The US Food and Drug Administration (FDA) is to investigate the safety of an inhalable caffeine shot called AeroShot, which only hit US shelves last month.
The probe follow calls for a safety review from US Senator Charles E. Schumer, who claims the product encourages under-age drinking and makes unsubstantiated health claims.
The product, manufactured in France by Breathable Foods, was introduced in New York and Boston markets in January after it bypassed GRAS approval since it was marketed as a dietary supplement.
Each AeroShot gives the user 100mgs of caffeine through 4-6 puffs, which is equivalent to around one cup of coffee.
Senator strikes back
In December, Schumer issued a letter to FDA commissioner Margaret Hamburg urging her to conduct a full review into the safety and legality of the of the lipstick-size disposable inhaler.
“AeroShot is another in a long line of dangerous products designed to facilitate under-age and excessive drinking, and the FDA needs to move quickly to get it off store shelves,” he said.
Schumer was previously instrumental in the FDA’s decision remove alcoholic energy drink Four Loko from the market in 2010.
He complains that Breathable Food’s AeroShots hit stores without an age restriction and had been marketed as a “party enhancer”.
“It can facilitate excessive drinking and its effects have never been examined by independent regulators to determine their impact on the human body.”
“We need to make sure that AeroShot does not become the next Four Loko by facilitating dangerous levels of drinking among teenagers and college students,” he continued.
The lung conundrum
According to Schumer, there is no evidence to support the company’s claim that the product is safe because it does not enter the lungs, but rather is dissolved in the mouth and swallowed.
Breathable Foods says on its website: “AeroShot does not enter the lungs.
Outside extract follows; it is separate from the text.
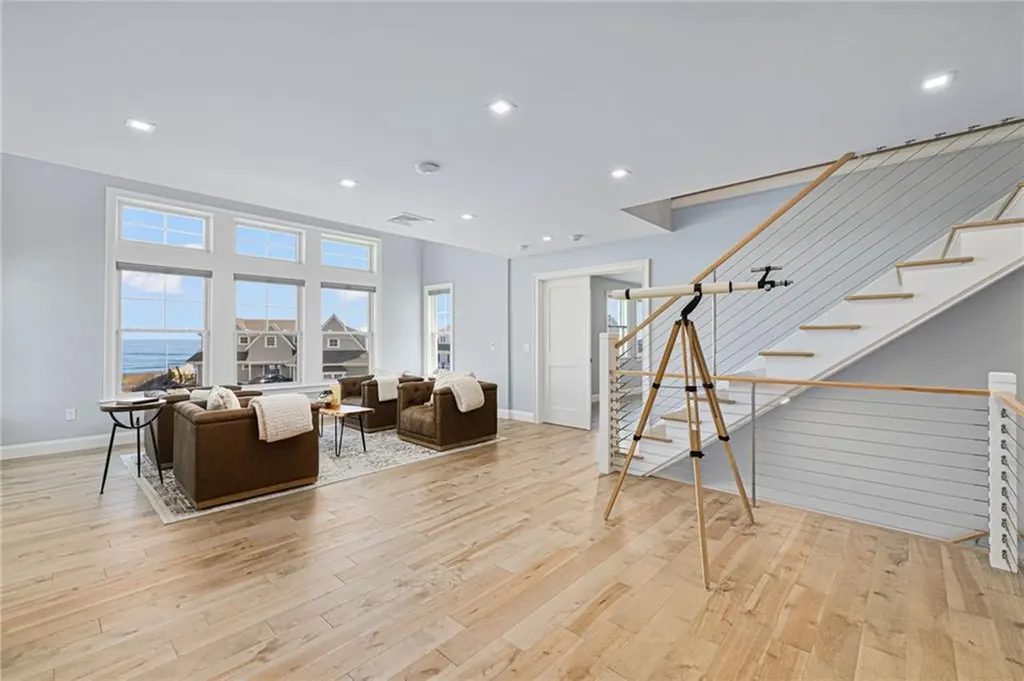 1046 Ocean Road Narragansett RI 02882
Decades of research have shown that particles above 10 microns in size, if inhaled, fall out of the mouth and do not penetrate the respiratory tract.”
The American Academy of Pediatrics (AAP) sent a separate letter to Breathable Foods citing its concerns. AAP fears caffeine inhalation could exacerbate asthma in children and affect developing neurologic and cardiovascular systems.
Dietary supplement ‘loophole’
Schumer voiced further concerns that the company was able to surpass GRAS approval by marketing its product as a dietary supplement.
“I want to raise a systemic concern about manufacturers’ use of the dietary supplement law as a loophole to avoid having to demonstrate that a food additive, like caffeine, is “generally recognized as safe” (GRAS) by qualified experts.”
“I urge the FDA to not let the addition of incidental ingredients undermine its critical responsibility to protect public health by ensuring the safety of our food and beverage products,” he said.
Following the investigation, the FDA will have the option to issue a warning letter to Breathable Foods, which could see the removal of the product from stores.
Breathable Foods CEO Tom Hadfield said: "We will cooperate fully with the FDA’s review to address the issues raised by Sen. Schumer
and are confident that it will conclude that AeroShot is a safe, effective product that complies with FDA regulations.”